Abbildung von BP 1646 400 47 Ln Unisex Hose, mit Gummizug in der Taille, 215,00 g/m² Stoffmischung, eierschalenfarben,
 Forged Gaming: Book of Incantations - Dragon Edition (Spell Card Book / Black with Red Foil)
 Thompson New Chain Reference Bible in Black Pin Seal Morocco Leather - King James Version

#### [Exercise aim]
An exact copy is required of each line from the one containing "Forged Gaming: Book" through the last line of the material, and of no other line.

#### [Response area]
 Forged Gaming: Book of Incantations - Dragon Edition (Spell Card Book / Black with Red Foil)
 Thompson New Chain Reference Bible in Black Pin Seal Morocco Leather - King James Version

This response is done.